Mulai menulis lagi. Bukan menulis
dengan menggunakan alat tulis di atas secarik kertas atau buku, melainkan
menggunakan laptop yang beberapa bulan ini baru menemani saya. Sayang.. mungkin
baru kali ini si laptop yang saya berinama Asu ini akan menghasilkan tulisan
yang nantinya akan saya masukan ke dalam blog pribadi saya.
Kali ini akan bercerita tentang
tempat tinggal saya yang hanya di tempati beberapa hari saja. Kost adalah
pilihan pertama saat saya ditanya mau tinggal dimana selama menjadi mahasiswa.

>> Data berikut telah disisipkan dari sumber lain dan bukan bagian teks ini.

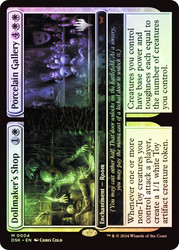Dollmaker's Shop // Porcelain Gallery (Promo Pack) (Duskmourn: House of Horror)\nPromo: Planeswalker Stamped\nSingle\nMagic The Gathering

Jauh dari orang tua, beranggapan bisa melakukan apa saja, dengan keinginan
untuk bebas saat sudah menjadi mahasiswa. Semua itu merupakan perwujudan karena
efek 5 tahun hidup di pondok pesantren. Seperti burung yang baru saja lepas
dari sangkar. Beranggapan bebas adalah saat hidup di luar sangkar, walaupun
sebenarnya bebas itu tak sebebas seperti yang burung itu kira saat berada di
dalam sangkar. Karena akan berlaku hukum alam, berburu atau di buru. Contoh
lain untuk mancari tahu makna bebas. Melihat binatang di dalam kebun binatang
dengan binatang di alam liar. Mana diantara keduannya yang bisa menjelaskan
makna bebas yang sebenarnya?
Kost saya terletak di jalan jawa
7. Yang terletak di belakang kampus sastra tempat saya di terima. Tidak terlalu
lebar memang. berukuran 3x3 dengan seperangkat lemari yang terbuat dari
triplek, meja belajar, juga tempat tidur dengan dipan sederhana. Di situ saya
hidup selama beberapa hari ke depan. Dengan beberapa kisah, juga teman. Di
tambak pak kos yang biasa dikenal dengan sebutan Pak Haji dan Istrinya yang
menganggap kami (anak kos.red) sebagai anaknya sendiri.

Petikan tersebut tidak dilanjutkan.